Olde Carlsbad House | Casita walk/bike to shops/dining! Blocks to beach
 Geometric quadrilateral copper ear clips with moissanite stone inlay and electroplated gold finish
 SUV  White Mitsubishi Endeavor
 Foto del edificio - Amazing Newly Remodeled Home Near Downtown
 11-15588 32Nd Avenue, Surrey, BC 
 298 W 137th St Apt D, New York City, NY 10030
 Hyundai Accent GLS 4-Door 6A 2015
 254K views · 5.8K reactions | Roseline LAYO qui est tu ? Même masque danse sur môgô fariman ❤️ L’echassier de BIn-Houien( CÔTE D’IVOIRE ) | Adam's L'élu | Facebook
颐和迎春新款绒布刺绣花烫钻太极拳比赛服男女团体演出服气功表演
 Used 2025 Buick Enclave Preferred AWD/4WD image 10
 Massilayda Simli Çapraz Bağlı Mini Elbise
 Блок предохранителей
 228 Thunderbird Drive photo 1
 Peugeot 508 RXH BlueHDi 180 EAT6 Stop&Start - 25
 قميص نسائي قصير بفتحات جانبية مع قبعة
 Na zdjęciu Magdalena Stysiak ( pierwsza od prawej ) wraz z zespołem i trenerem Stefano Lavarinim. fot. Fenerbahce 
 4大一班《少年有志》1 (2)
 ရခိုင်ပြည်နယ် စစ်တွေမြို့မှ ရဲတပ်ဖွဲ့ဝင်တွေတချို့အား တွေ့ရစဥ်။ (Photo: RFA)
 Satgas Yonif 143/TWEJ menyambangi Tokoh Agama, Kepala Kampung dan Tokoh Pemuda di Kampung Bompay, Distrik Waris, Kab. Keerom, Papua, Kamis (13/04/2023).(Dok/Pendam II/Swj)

★ ★ ★

Exercise instructions:
Type the whole listing again, unaltered.

Solution to the exercise:
Olde Carlsbad House | Casita walk/bike to shops/dining! Blocks to beach
 Geometric quadrilateral copper ear clips with moissanite stone inlay and electroplated gold finish
 SUV  White Mitsubishi Endeavor
 Foto del edificio - Amazing Newly Remodeled Home Near Downtown
 11-15588 32Nd Avenue, Surrey, BC 
 298 W 137th St Apt D, New York City, NY 10030
 Hyundai Accent GLS 4-Door 6A 2015
 254K views · 5.8K reactions | Roseline LAYO qui est tu ? Même masque danse sur môgô fariman ❤️ L’echassier de BIn-Houien( CÔTE D’IVOIRE ) | Adam's L'élu | Facebook
颐和迎春新款绒布刺绣花烫钻太极拳比赛服男女团体演出服气功表演
 Used 2025 Buick Enclave Preferred AWD/4WD image 10
 Massilayda Simli Çapraz Bağlı Mini Elbise
 Блок предохранителей
 228 Thunderbird Drive photo 1
 Peugeot 508 RXH BlueHDi 180 EAT6 Stop&Start - 25
 قميص نسائي قصير بفتحات جانبية مع قبعة
 Na zdjęciu Magdalena Stysiak ( pierwsza od prawej ) wraz z zespołem i trenerem Stefano Lavarinim. fot. Fenerbahce 
 4大一班《少年有志》1 (2)
 ရခိုင်ပြည်နယ် စစ်တွေမြို့မှ ရဲတပ်ဖွဲ့ဝင်တွေတချို့အား တွေ့ရစဥ်။ (Photo: RFA)
 Satgas Yonif 143/TWEJ menyambangi Tokoh Agama, Kepala Kampung dan Tokoh Pemuda di Kampung Bompay, Distrik Waris, Kab. Keerom, Papua, Kamis (13/04/2023).(Dok/Pendam II/Swj)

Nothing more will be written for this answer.